A preferred embodiment of the present invention

The invention is explained in more detail below with reference to the accompanying drawings. They show:

Fig. 1 is a cross-sectional view of a preferred embodiment of a flow restriction device according to the present invention; and

Fig. 2 is a top view of the flow restriction device shown in Fig. 1 without a covering device.

As shown in Fig. 1, the micromechanically manufactured flow restriction device according to the invention has a substrate 10, which in the preferred embodiment consists of silicon. An inlet opening 12 and an outlet opening 14 are formed in the main surface of the substrate 10 facing downwards in Fig. 1. A recess 16 is formed in the second main surface of the substrate 10, the upper surface in the representation of Fig. 1, which defines the channel of the flow restriction device. The recess 16 is formed in the substrate in such a way that it has a connection to the inlet opening 12 and the outlet opening 14, which serves as a fluid connection between the inlet opening 12 and the channel 16 and the channel 16 and the outlet opening 14 during later use of the component.

In the embodiment shown in Fig. 1, two recesses 18 and 19 are also defined in the second main surface of the substrate 10, which are arranged at least partially opposite the inlet opening 12 and the outlet opening 14. A membrane 22 is formed by the part of the substrate 10 remaining between the recess 18 and the inlet opening 12. A further membrane 24 is formed by the part of the substrate 10 remaining between the recess 20 and the outlet opening 14. A membrane electrode 26 is formed on the membrane 22. The membrane electrode 26 can be formed, for example, by applying a metallization layer.
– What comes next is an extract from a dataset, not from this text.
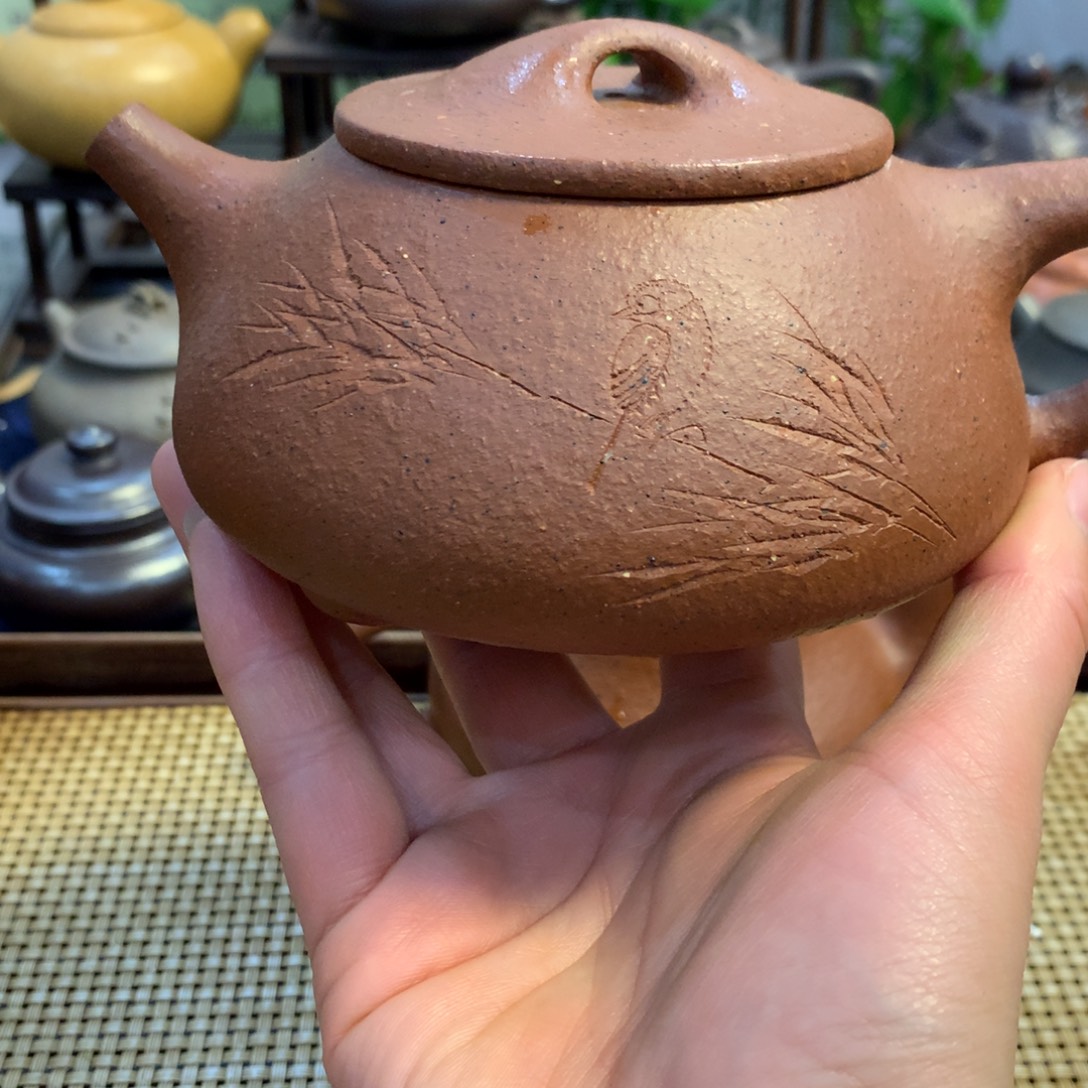 紫砂茶壶宜兴原矿老朱泥360cc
On the membrane 24 is

a membrane electrode 28 is formed. The membrane electrode 28 can in turn be formed, for example, by means of a metallization layer. An insulation layer can also be applied between the metallization, which forms the electrodes 26 and 28, and the substrate. The membrane electrodes 26 and 28 are preferably extended outwards in order to enable an electrical connection thereof.

A covering device 30 is now applied to the second main surface of the substrate 10, which, in the region in which the channel 16 is formed in the substrate 10, together with the channel 16, defines the flow resistance of the flow restriction device. This flow resistance is determined by the cross-sectional area of the channel 16, which is defined by the underside and the two side surfaces of the recesses as well as the underside of the covering device 30. The covering device 30 also has two counter electrodes 32 and 34 on its underside, which are arranged opposite the membrane electrodes 26 and 28 at a distance from them.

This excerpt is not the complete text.